Equitable competition

The equitable access to services and markets is related to the regulatory and capacity-building role of governments, and of UN institutions that assist them.

Agricultural and environmental policies, including those responding to food safety concerns, have a large role in facilitating or hindering the adoption of organic agriculture. Besides financial support to conversion and regulations to protect the claim of organic producers, public investments in research and training are fundamental. The main factor limiting organic agriculture development is its reliance on knowledge, a public good that is non-existent in most countries. Extension personnel rarely receive adequate training in organic methods and organic agricultural research is under-funded. Ultimately, the development of technical progress will determine the evolution of relative profitability of food systems.

The increasing demand for certified organic agriculture products entails a great capacity to respond to traders, retailers and consumers’ needs in terms of quantity, regularity and quality of supply. Suppliers must be able to demonstrate that their products comply with internationally agreed organic standards. The establishment of reliable certification and accreditation systems requires advanced legal and technical knowledge and organizational skills. Active support to inspection and certification is necessary to facilitate the participation of farmers, and especially small holders, to the benefits of the organic system.

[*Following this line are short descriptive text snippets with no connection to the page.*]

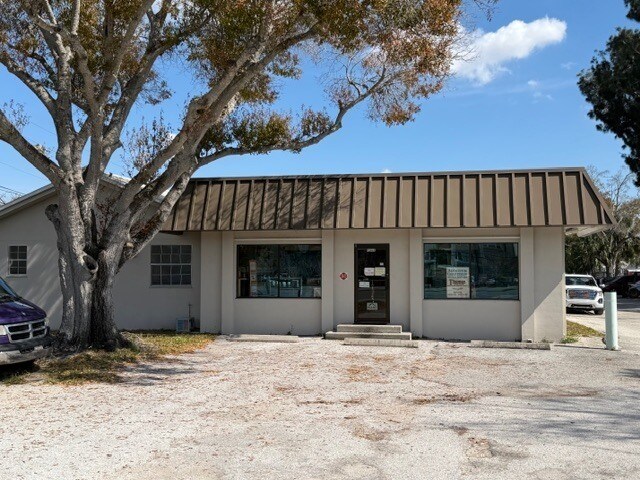 More Photos Of , Largo Unknown For Sale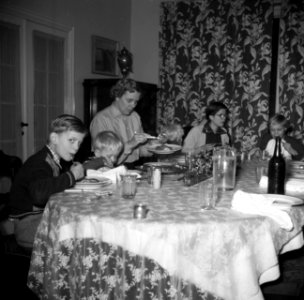 Lis Groes zittend aan tafel met haar gezin, Bestanddeelnr 252-8990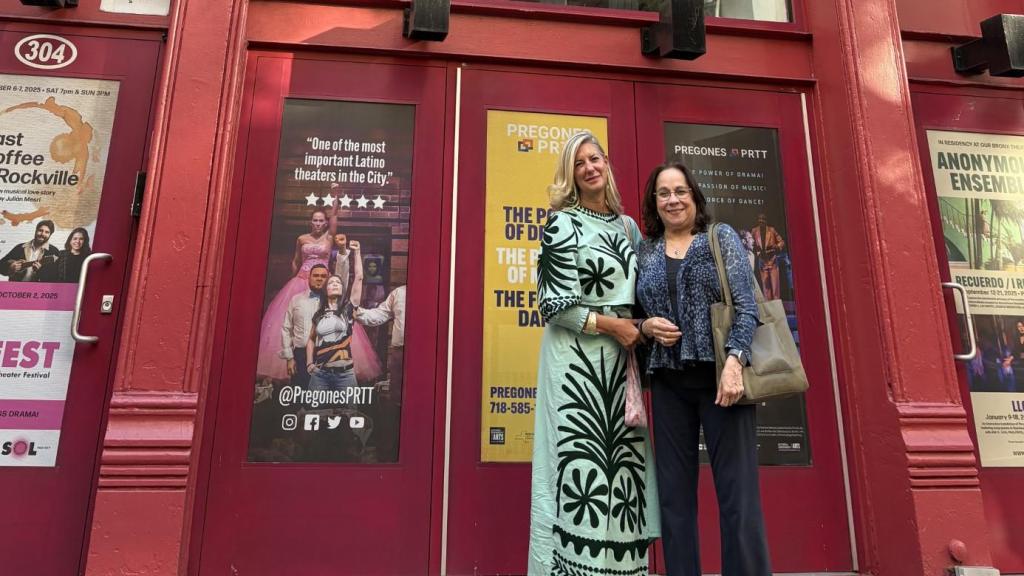 Irene Carvajal con Rosalba Rolbón (Teatro Pregones)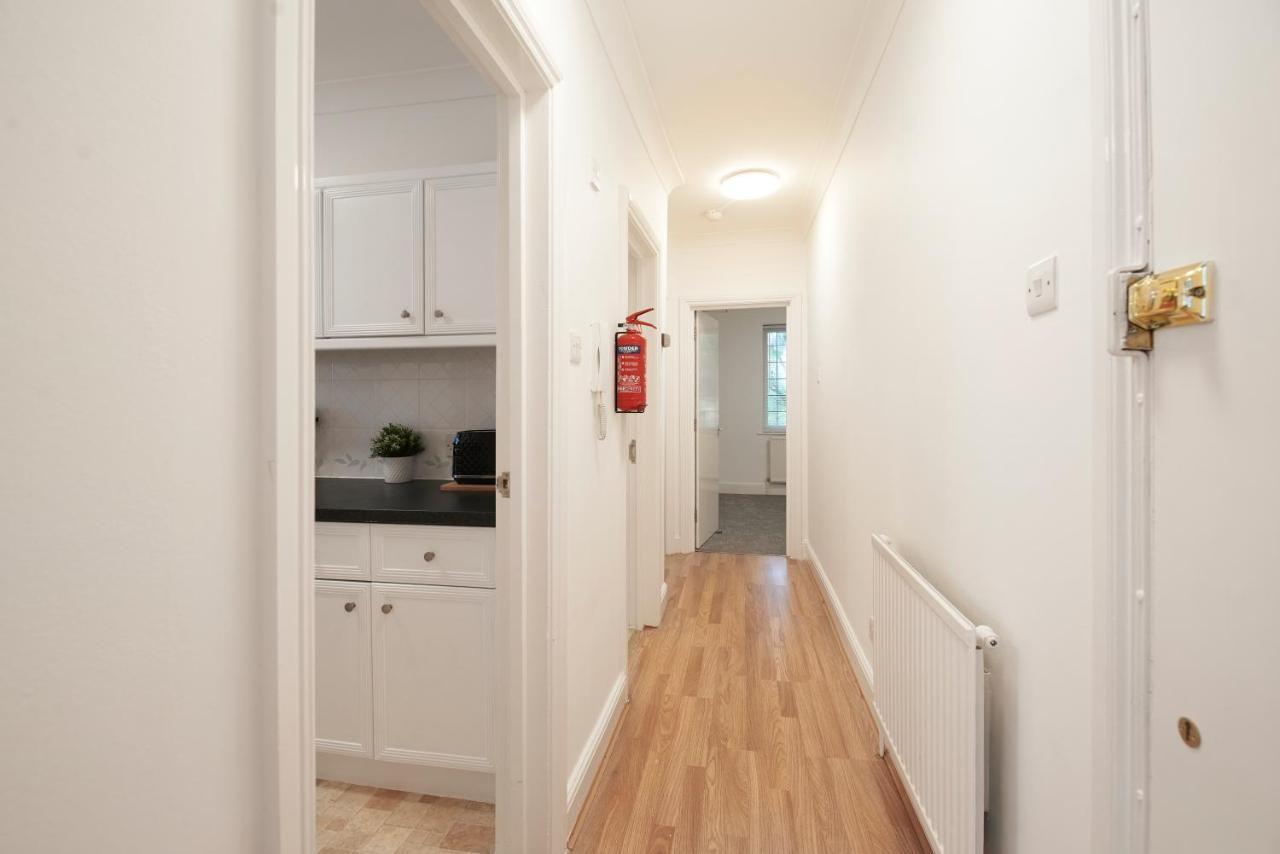 Apartment Excellent, Three Bedroom North With Free Parking London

Developing countries, that represent the main suppliers of tropical organic commodities to northern markets, may face trade barriers due to different country requirements. International equivalence of organic standards is of key importance to decrease government administration and to prevent redundant certification. The application of the principle of equivalence would bring mutual benefits to both exporting and importing countries because it would ensure flexibility to exporters and conformity with requirements of importers. Growth prospects of organic trade will be availed only if official measures are established for international equivalency of organic standards.

Sustainable food supply chains

Focusing only on exports is likely to be counter-productive to organic agriculture development. Considering the modest technologies available today for organic agriculture and the relatively vulnerable organic post-harvest and marketing chain, certified organic food has its limits in contributing to world food supply. However, the potential contribution of organic agriculture to developing countries’ food security, especially for subsistence and local markets, can be substantial.

Organic practices use cheap and locally available resources. The productivity of agricultural systems can be improved in the absence of factors over which farmers have little control: mineral fertilizers, synthetic pesticides, improved seeds/breeds and access to credit. Organic agriculture techniques replace external inputs by ecological services and farmer's management skills. In resource-poor and market-marginalized areas, organic agriculture is an alternative in the search for an environmentally sound solution to the problem of food insecurity. Food supply strategies of most developing countries remain a dis-incentive to the development of organic agriculture. A policy change towards re-valorization of local production and practices, supported by investments in capacity-building, will be fundamental in the adoption of organic agriculture in resource-poor areas.